PROBLEM STATEMENT -
Among the records below, count the lines where "Store" occurs, and report that total alone.

Collection entries:
::::::::::

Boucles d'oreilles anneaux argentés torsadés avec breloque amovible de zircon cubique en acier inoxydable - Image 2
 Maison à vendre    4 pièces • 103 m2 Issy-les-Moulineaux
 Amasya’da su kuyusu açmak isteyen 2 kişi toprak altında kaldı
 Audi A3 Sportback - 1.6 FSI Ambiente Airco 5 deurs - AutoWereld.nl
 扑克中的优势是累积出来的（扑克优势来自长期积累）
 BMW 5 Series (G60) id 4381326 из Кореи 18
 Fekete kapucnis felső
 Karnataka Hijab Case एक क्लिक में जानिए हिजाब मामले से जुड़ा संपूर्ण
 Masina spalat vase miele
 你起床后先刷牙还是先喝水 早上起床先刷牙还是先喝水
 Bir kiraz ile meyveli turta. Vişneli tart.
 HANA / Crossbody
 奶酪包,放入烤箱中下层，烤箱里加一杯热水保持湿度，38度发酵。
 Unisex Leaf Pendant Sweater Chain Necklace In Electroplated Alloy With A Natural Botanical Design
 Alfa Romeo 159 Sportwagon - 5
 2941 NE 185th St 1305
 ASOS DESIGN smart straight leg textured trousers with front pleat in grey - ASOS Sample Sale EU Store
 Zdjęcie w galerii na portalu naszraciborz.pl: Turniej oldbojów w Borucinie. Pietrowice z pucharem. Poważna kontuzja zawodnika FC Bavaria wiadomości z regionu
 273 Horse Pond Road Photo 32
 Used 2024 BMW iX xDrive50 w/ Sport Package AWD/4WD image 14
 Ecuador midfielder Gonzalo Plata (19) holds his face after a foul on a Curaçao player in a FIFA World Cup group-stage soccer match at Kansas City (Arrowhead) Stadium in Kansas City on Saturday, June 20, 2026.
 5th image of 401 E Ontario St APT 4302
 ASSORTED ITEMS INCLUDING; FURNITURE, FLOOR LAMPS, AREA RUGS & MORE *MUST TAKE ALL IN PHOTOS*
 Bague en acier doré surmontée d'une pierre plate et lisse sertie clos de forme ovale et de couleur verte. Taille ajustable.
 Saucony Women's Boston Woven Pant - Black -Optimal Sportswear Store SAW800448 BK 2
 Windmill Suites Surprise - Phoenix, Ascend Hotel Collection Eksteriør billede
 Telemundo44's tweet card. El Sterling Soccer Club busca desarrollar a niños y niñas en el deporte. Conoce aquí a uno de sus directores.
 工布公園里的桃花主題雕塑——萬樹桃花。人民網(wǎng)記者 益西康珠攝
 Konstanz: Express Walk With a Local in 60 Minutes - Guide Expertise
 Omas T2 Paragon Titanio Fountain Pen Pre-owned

::::::::::

COMPLETED TASK -
2